Reproduce exactly, and only, the lines running from the start of the entries below to the line containing "Volkswagen GOLF 1.5".

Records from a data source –

++++++++++++++++++++

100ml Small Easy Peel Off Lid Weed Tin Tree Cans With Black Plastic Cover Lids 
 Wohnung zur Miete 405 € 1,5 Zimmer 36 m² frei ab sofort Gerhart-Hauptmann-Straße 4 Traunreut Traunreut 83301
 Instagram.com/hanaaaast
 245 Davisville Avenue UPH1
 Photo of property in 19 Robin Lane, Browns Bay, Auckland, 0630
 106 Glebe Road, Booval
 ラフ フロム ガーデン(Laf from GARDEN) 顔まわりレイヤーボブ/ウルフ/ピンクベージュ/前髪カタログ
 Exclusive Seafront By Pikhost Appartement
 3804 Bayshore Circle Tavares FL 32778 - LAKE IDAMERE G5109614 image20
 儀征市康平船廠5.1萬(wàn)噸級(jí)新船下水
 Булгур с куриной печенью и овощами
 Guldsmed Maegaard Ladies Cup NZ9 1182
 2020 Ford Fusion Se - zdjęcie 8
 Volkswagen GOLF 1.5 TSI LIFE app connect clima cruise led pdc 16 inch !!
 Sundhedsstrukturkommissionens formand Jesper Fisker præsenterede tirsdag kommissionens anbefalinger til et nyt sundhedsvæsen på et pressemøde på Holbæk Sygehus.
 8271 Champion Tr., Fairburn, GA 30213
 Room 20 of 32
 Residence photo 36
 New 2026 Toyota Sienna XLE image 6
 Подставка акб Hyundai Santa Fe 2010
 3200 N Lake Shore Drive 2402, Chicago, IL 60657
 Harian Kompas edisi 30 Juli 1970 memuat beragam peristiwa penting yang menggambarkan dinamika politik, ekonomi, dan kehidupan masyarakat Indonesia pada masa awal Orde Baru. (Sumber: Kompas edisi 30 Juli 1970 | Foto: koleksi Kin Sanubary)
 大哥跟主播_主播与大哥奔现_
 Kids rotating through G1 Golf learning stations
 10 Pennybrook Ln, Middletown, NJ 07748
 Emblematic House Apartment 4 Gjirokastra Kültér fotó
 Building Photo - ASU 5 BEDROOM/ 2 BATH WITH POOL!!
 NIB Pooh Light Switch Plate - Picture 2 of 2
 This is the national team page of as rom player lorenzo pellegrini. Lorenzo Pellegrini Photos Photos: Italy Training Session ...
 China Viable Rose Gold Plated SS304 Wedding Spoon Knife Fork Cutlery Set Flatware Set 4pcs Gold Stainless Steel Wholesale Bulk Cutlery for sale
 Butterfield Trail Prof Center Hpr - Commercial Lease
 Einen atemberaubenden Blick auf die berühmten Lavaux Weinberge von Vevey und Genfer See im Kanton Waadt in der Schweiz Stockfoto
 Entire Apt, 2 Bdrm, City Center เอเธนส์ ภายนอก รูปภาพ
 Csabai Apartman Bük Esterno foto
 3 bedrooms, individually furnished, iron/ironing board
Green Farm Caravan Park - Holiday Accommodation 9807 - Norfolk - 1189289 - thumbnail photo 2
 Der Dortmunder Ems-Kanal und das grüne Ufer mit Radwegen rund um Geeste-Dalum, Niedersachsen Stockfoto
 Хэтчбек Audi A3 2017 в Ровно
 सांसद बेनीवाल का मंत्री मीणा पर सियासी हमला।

++++++++++++++++++++

Output for this task –
100ml Small Easy Peel Off Lid Weed Tin Tree Cans With Black Plastic Cover Lids 
 Wohnung zur Miete 405 € 1,5 Zimmer 36 m² frei ab sofort Gerhart-Hauptmann-Straße 4 Traunreut Traunreut 83301
 Instagram.com/hanaaaast
 245 Davisville Avenue UPH1
 Photo of property in 19 Robin Lane, Browns Bay, Auckland, 0630
 106 Glebe Road, Booval
 ラフ フロム ガーデン(Laf from GARDEN) 顔まわりレイヤーボブ/ウルフ/ピンクベージュ/前髪カタログ
 Exclusive Seafront By Pikhost Appartement
 3804 Bayshore Circle Tavares FL 32778 - LAKE IDAMERE G5109614 image20
 儀征市康平船廠5.1萬(wàn)噸級(jí)新船下水
 Булгур с куриной печенью и овощами
 Guldsmed Maegaard Ladies Cup NZ9 1182
 2020 Ford Fusion Se - zdjęcie 8
 Volkswagen GOLF 1.5 TSI LIFE app connect clima cruise led pdc 16 inch !!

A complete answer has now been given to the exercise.